(Stored data)
▬▬▬

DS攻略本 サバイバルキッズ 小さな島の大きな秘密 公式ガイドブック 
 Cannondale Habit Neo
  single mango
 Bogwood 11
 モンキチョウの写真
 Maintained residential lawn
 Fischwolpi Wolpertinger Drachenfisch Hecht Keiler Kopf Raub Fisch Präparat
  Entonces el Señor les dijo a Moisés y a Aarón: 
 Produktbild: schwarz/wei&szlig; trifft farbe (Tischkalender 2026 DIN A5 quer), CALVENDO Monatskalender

▬▬▬

* [Exercise] Reproduce the records above in full, without altering a single character.

* [Worked solution]
DS攻略本 サバイバルキッズ 小さな島の大きな秘密 公式ガイドブック 
 Cannondale Habit Neo
  single mango
 Bogwood 11
 モンキチョウの写真
 Maintained residential lawn
 Fischwolpi Wolpertinger Drachenfisch Hecht Keiler Kopf Raub Fisch Präparat
  Entonces el Señor les dijo a Moisés y a Aarón: 
 Produktbild: schwarz/wei&szlig; trifft farbe (Tischkalender 2026 DIN A5 quer), CALVENDO Monatskalender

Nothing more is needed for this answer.